I run across a lot of "embarrassingly parallel" projects I'd like to parallelize with the multiprocessing
module. However, they often involve reading in huge files (greater than 2gb), processing them line by line, running basic calculations, and then writing results. What's the best way to split a file and process it using Python's multiprocessing module? Should Queue
or JoinableQueue
in multiprocessing
be used? Or the Queue
module itself? Or, should I map the file iterable over a pool of processes using multiprocessing
? I've experimented with these approaches but the overhead is immense in distribution the data line by line. I've settled on a lightweight pipe-filters design by using cat file | process1 --out-file out1 --num-processes 2 | process2 --out-file out2
, which passes a certain percentage of the first process's input directly to the second input (see this post), but I'd like to have a solution contained entirely in Python.
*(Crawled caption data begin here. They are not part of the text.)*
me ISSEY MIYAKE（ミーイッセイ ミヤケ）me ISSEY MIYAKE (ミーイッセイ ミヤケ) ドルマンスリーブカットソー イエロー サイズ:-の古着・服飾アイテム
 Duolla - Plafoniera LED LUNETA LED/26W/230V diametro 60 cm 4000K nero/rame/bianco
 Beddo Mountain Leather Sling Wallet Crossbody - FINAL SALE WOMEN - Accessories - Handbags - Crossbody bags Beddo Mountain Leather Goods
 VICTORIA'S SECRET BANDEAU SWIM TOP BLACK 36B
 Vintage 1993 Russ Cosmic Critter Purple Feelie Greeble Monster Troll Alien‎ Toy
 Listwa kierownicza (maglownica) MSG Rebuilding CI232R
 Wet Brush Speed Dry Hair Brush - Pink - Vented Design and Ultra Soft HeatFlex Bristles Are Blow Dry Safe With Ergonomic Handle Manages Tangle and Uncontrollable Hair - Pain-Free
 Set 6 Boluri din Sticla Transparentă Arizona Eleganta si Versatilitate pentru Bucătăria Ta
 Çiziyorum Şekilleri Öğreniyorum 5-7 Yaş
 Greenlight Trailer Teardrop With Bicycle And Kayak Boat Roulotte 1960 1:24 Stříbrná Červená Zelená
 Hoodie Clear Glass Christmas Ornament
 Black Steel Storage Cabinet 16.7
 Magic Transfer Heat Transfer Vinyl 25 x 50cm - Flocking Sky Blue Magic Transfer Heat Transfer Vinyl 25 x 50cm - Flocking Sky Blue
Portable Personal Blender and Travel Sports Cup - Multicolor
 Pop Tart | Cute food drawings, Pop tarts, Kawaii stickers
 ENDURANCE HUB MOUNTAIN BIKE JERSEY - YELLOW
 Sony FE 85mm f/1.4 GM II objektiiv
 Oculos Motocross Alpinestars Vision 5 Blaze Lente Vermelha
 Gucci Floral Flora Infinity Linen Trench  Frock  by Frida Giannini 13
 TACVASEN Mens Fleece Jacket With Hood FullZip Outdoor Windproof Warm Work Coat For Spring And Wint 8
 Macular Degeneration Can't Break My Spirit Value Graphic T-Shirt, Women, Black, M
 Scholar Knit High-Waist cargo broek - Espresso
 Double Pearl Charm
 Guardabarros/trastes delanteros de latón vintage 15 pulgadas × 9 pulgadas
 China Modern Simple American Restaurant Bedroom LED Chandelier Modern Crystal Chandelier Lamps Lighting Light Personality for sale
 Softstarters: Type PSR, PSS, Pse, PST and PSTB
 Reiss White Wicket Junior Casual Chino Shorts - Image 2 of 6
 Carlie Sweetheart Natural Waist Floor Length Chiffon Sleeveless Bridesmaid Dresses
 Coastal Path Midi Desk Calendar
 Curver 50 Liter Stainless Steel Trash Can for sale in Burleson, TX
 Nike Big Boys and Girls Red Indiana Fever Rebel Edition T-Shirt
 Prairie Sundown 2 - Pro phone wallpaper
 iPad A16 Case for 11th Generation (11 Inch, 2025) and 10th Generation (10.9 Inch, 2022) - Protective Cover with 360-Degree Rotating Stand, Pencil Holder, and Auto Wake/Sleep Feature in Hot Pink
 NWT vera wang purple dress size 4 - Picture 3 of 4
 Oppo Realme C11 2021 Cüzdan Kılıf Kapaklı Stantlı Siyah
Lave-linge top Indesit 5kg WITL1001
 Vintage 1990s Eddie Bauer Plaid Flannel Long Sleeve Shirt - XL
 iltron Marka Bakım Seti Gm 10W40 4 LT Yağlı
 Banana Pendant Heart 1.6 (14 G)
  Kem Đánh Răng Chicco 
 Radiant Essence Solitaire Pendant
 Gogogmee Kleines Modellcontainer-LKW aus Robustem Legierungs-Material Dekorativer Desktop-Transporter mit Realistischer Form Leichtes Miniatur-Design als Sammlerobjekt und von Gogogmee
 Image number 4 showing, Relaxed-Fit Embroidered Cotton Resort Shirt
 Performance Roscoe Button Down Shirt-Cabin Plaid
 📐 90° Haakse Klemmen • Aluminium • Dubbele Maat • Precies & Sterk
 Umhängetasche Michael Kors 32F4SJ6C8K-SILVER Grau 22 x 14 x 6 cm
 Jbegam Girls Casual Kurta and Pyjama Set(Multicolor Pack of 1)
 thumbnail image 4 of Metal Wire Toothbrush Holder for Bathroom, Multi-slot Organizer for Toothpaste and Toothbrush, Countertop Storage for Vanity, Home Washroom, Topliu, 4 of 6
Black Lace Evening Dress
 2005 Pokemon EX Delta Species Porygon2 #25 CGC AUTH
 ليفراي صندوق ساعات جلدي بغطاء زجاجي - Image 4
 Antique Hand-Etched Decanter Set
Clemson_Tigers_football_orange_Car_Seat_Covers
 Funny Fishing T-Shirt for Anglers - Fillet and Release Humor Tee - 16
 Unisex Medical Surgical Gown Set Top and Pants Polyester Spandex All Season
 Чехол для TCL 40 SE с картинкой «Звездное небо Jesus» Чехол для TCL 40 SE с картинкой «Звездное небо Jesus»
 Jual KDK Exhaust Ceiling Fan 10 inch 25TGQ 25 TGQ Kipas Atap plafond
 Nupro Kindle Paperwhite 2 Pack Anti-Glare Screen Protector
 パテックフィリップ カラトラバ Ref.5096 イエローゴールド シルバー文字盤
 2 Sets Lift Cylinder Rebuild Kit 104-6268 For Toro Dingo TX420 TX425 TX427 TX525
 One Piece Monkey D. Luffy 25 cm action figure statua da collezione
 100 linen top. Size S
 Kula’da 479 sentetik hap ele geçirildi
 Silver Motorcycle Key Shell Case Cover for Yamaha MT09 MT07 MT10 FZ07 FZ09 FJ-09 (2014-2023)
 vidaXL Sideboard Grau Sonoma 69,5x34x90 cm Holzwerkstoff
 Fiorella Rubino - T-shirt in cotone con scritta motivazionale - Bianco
Surprisingly, the Python documentation doesn't suggest a canonical way of doing this (despite a lengthy section on programming guidelines in the multiprocessing
documentation).
Thanks, Vince
Additional information: Processing time per line varies. Some problems are fast and barely not I/O bound, some are CPU-bound. The CPU bound, non-dependent tasks will gain the post from parallelization, such that even inefficient ways of assigning data to a processing function would still be beneficial in terms of wall clock time.
A prime example is a script that extracts fields from lines, checks for a variety of bitwise flags, and writes lines with certain flags to a new file in an entirely new format. This seems like an I/O bound problem, but when I ran it with my cheap concurrent version with pipes, it was about 20% faster. When I run it with pool and map, or queue in multiprocessing
it is always over 100% slower.